L’ultima idea realizzata?
Sto collaborando a molti progetti, dall’illuminazione al design di cucine, ma nell’ambito dei gioiello l’ultimo progetto è una spilla realizzata in edizione limitata di 99 esemplari e 4 d’autore per celebrare i 700 anni dalla morte di Dante: un’idea nata dal suo discendente, il conte Pieralvise Serego Alighieri, pronipote del sommo poeta e residente a Gargagnano in Valpolicella e disegnata dal mio grande amico Mimmo Paladino, progetto che io ho seguito in tutte le sue fasi: un oggetto molto bello, dominato dal profilo in oro di Dante che rimira le stelle, come nel celebre verso “…e quindi uscimmo a riveder le stelle, Inf. XXXIV, v.”
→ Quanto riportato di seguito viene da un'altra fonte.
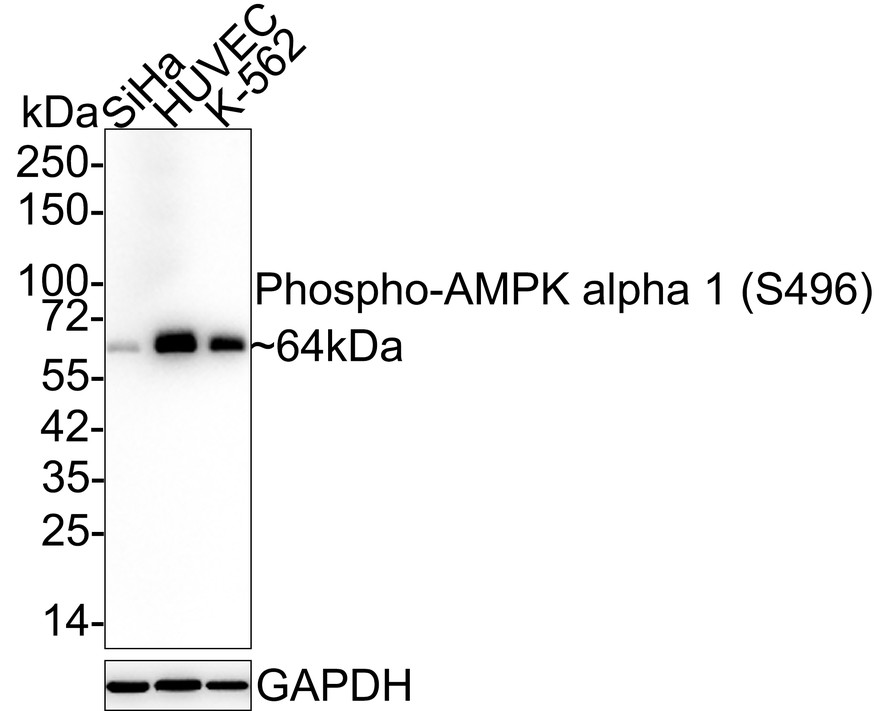 Western blot analysis of Phospho-AMPK alpha 1 (S496) on different lysates with Rabbit anti-Phospho-AMPK alpha 1 (S496) antibody (ET1612-72) at 1/1,000 dilution.<br />
<br />
Lane 1: 293T cell lysate<br />
Lane 2: SiHa cell lysate<br />
Lane 3: HUVEC cell lysate<br />
<br />
Lysates/proteins at 10 µg/Lane.<br />
<br />
Predicted band size: 64 kDa<br />
Observed band size: 64 kDa<br />
<br />
Exposure time: 2 minutes;<br />
<br />
8% SDS-PAGE gel.<br />
<br />
Proteins were transferred to a PVDF membrane and blocked with 5% NFDM/TBST for 1 hour at room temperature. The primary antibody (ET1612-72) at 1/1,000 dilution was used in 5% NFDM/TBST at room temperature for 2 hours. Goat Anti-Rabbit IgG - HRP Secondary Antibody (HA1001) at 1:300,000 dilution was used for 1 hour at room temperature.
Cleto, ti propongo qualche domanda botta-risposta ispirata al famoso questionario di Proust…
Il tratto principale del mio carattere
Gentilezza e disponibilità
La qualità che apprezzo in un uomo
L’intelligenza
E in una donna?
Idem
Tra le donne della tua vita un ricordo speciale per chi?
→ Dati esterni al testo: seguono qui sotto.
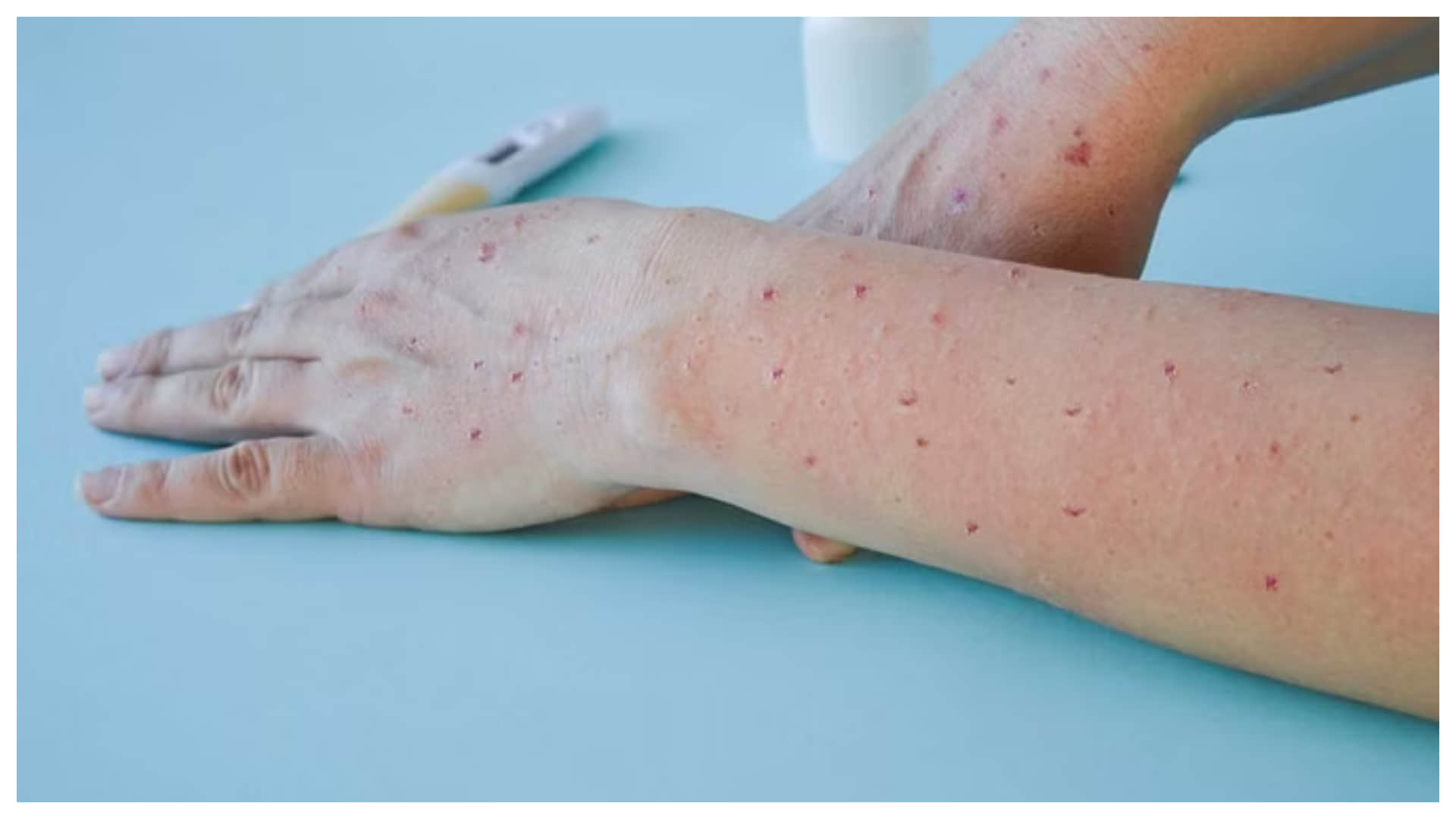 At least 610 people were killed due to monkeypox in Congo know its worldwide risk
Per mia moglie che ho inseguito per mari e per monti per molti anni!
Quale qualità devono avere i tuoi amici?
Purtroppo molti li ho persi, ma devo dire che ho sempre apprezzato la capacità di stare insieme, e il quoziente di intelligenza molto alto
La tua occupazione preferita quando non lavori
Disegnare e leggere
Il tuo sogno di felicità
Fare quello che faccio
Il tuo principale difetto
Sono permaloso
Un paese dove avresti voluto vivere
Ho girato molto il mondo e riparto sempre volentieri perché ho un’indole curiosa, ma torno a casa sempre con gioia
Un colore
Il rosso
Un fiore
La rosa
Un animale
Il gatto
Lo scrittore preferito
Saramago
Un pittore
Pollock, Rotckho, Picasso
Cosa detesti più di tutto?
L’ignoranza
Un talento che avresti voluto avere
Tante cose avrei voluto avere…
Il tuo stato d’animo attuale
Sempre tranquillo, sempre curioso
Un suggerimento per un creativo oggi…
Al giorno d’oggi temo ci sia poca creatività in giro, perché si è persa l’attitudine al disegno, alla manualità, si ricorre troppo ai programmi sul pc, non vedo più “geni della matita”.
Come è nato il tuo pugno, che hai scelto come simbolo del tuo mondo creativo?
La mano è il simbolo del fare, della forza della creatività.